Saturday, it was a different story. Almost all the Mariners players and coaches were masked up during pregame fielding and batting practice. Perhaps the commissioner’s warnings were being heeded.
Of course, everyone in the press box was appropriately masked, and remained so unless they were eating or drinking.
During batting practice, players were hitting and giving each other a hard time. Coaches were shouting instructions. Relief pitchers were shagging fly balls.
A collection of classic rock and modern pop played over the stadium speakers. The visiting team was stretching under a cloudless sky.
After the grounds crew got things set up (always a treat to watch), the Mariners played a prerecorded video of John Fogerty, wearing an M’s jersey set up at home plate at a darkened T-Mobile Park, performing a melancholy version of his classic “Centerfield” on the jumbo screen.
It was at that time the players entered the dugout and for the first time, things felt … weird.
“Ladies and gentlemen, boys and girls …” came the announcement from the public address announcer, to no one in the stands, and he went through the traditional introduction of the players from both teams.
Every media member in the press box took a cellphone photo to commemorate the strangeness.
Stranger still was the loud fake cheering pumped in after each Mariners player was introduced.
The Black Lives Matter message was solemn, and unlike at other opening day ceremonies, no players took a knee during the prerecorded national anthem – but veteran Mariners utility player Dee Gordon held his right fist aloft.
Following the anthem, the video scoreboard played a presentation about the Players Alliance initiative, and Gordon and several teammates took a knee, fists aloft once again, down the right-field line while it played.

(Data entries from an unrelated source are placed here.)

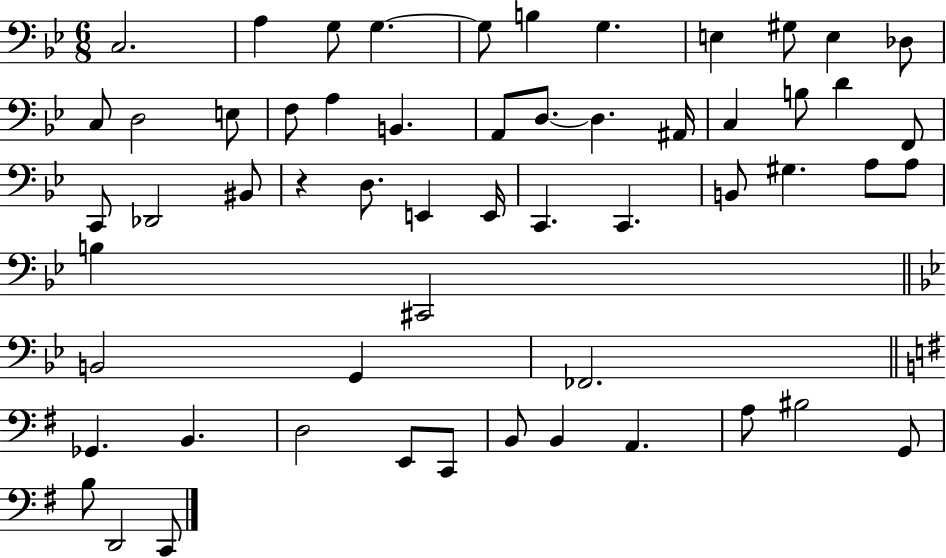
{
  \clef bass
  \numericTimeSignature
  \time 6/8
  \key bes \major
  c2. | a4 g8 g4.~~ | g8 b4 g4. | e4 gis8 e4 des8 | \break c8 d2 e8 | f8 a4 b,4. | a,8 d8.~~ d4. ais,16 | c4 b8 d'4 f,8 | \break c,8 des,2 bis,8 | r4 d8. e,4 e,16 | c,4. c,4. | b,8 gis4. a8 a8 | \break b4 cis,2 | \bar "||" \break \key g \minor b,2 g,4 | fes,2. | \bar "||" \break \key g \major ges,4. b,4. | d2 e,8 c,8 | b,8 b,4 a,4. | a8 bis2 g,8 | \break b8 d,2 c,8 | \bar "|."
}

Even though the M’s had already played seven road games, the home opener is normally the time when the home crowd finally acknowledges that baseball is back, welcoming the game back with open arms and hearty cheers.
Only this time, those fans had to make do sitting on their couch or deck or backyard, content on watching on Root Sports.
After that, it was time for baseball.
Finally.
The Mariners game staff did a great job placing 8,000 cardboard cutouts, the “Seat Fleet,” throughout the ballpark, and the fake crowd noise was appropriately louder when the Mariners had runners in scoring position or made a nifty play in the field.
And it helped that M’s starter Taijuan Walker tossed a gem and led the home team to victory on opening day.
I suppose it was as close to the real thing as possible under the circumstances.
We can hope the outbreaks we’ve seen across the game subside and the players use better judgment and fully buy in to the program.
We can hope this season gets a chance to play itself out to completion.
We can hope the Mariners’ blend of youngsters finds its way sooner rather than later, and their veterans can contribute as they have in the past.
It’s always good to have hope on opening day. This year, though, that hope is dependent on more than just what’s happening between the lines.